Actors with clear Latino, African, Chinese, and even some scattered with Northern European heritages all show up on the stage in the roles of the main characters, most of whom themselves were white, back in the day.

Miranda’s genius was, of course, to recognize that were the story to be told today by modern Americans, the passions and crises and foibles and victories would be the same, but the people experiencing them would be different, and the way they’d tell their tales would be different, and yet….the story would overwhelm with truth, just as it did back then.

Take a look at these lines transcribed from the PBS Great Performances documentary about the Hamilton production:

At round about 5:35, Ron Chernow, the author of the book upon which the musical is based, tells of his first conversation with Miranda about making the biography a Broadway show:

“[Miranda said] ‘Ron, I was reading the book and hip hop songs started rising off the page,’ and I said to him, ‘really?'”

And then Miranda, on this same revelation of his: “I said, this is Tupac, this is Biggie, this is a hip hop story.  This is my next show.”

“[Hamilton] is the story of my father.”

Later in the documentary, Chernow says, “The hip hop in the musical has gotten the most attention cause it is the most novel, and because Hamilton sings in hip hop, but there’s jazz, soul, R and B and just plain Broadway show tunes as well.”

Same story, told in different way, so that both old and new ears can hear it anew.

Yesterday we didn’t only celebrate Reformation Day: we celebrated the 499th Reformation Day.

Next year is the 500th Anniversary of the Reformation.

So for this next year, we have a shot (cue, “My Shot“) to recall Martin Luther, this monk-turned-cataclysmic gadfly who unwittingly changed the notion of the Church, of the laity, of the clergy, and, not least of all, well, of God.

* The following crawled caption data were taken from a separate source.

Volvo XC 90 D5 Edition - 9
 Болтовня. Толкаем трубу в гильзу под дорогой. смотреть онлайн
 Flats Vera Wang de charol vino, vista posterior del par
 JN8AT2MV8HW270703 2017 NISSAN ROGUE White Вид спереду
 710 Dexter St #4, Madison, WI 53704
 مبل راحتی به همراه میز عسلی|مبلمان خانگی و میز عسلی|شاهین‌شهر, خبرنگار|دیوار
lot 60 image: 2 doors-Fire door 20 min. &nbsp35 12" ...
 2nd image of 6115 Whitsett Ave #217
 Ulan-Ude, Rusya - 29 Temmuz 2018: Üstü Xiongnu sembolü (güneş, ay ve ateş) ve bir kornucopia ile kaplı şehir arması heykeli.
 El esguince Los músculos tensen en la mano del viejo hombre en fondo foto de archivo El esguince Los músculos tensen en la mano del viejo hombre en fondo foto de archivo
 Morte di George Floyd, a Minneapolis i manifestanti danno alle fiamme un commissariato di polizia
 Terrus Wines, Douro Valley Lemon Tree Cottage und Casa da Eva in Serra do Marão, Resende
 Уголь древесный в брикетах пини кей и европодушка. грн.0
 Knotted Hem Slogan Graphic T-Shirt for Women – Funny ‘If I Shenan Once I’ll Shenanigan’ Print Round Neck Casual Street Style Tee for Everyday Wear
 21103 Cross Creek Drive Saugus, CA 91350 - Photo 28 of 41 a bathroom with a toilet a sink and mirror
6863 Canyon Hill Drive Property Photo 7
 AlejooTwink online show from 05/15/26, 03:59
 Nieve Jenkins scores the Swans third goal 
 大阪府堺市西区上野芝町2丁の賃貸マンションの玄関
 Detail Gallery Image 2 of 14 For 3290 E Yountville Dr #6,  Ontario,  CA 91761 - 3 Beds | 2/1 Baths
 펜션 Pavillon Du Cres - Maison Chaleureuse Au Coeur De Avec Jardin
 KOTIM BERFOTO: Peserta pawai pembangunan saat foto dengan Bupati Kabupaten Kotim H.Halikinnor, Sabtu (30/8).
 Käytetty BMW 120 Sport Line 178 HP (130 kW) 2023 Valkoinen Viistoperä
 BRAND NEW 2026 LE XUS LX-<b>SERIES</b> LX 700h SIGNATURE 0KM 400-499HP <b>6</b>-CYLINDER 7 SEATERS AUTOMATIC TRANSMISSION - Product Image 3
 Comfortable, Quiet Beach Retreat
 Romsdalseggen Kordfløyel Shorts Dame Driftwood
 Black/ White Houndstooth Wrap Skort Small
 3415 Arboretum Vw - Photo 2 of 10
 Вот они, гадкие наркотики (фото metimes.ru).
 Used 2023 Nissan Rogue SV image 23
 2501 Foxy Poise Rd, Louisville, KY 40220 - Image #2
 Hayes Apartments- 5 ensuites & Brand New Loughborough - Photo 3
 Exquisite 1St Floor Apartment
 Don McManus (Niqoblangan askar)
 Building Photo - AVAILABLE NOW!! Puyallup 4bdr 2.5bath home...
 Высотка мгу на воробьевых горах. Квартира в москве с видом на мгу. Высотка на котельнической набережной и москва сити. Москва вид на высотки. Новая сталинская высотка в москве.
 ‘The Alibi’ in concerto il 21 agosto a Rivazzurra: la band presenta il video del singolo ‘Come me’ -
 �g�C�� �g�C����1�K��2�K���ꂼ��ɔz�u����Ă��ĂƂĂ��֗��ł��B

So, in keeping with PMJ and Hamilton, maybe it’s time for a reboot?

Maybe it’s time to revisit the essence of Luther’s message, and reconstitute it, to transpose it, to have the key actors look different than the original players, to hear “A Mighty Fortress” in the key of Rap, or Hip Hop, or Latin Swing.

Maybe it’s time to rethink that treasured history by recalling more that women were players in the Reformation: I’m grateful for scholars like Dr. Kirsi Stjerna who teach us our history from the underside.

Maybe we can hope that all Lutheran sisters and brothers will one day be fully recognized as full servants of God (Sing it, Angelica Schuyler, “We hold these truths to be self-evident that all men are created equal….And when I meet Thomas Jefferson … I’m ‘a compel him to include women in the sequel!”)

Maybe it’s time to rejoice that we are more unified by God than divided.

Maybe it’s time to reform our Reformation history, to retune it, to transpose it, to learn it anew, love it again, to make it refreshingly relevant, and sing and dance it into a new 500 year history-in-the-making, spreading the Good News of radical grace, and welcome, and forgiveness, and justice, and freedom in the trust that although death is real, life is real-er.

If we could keep a bit of the German beer tradition, though….gosh I’d be glad for that.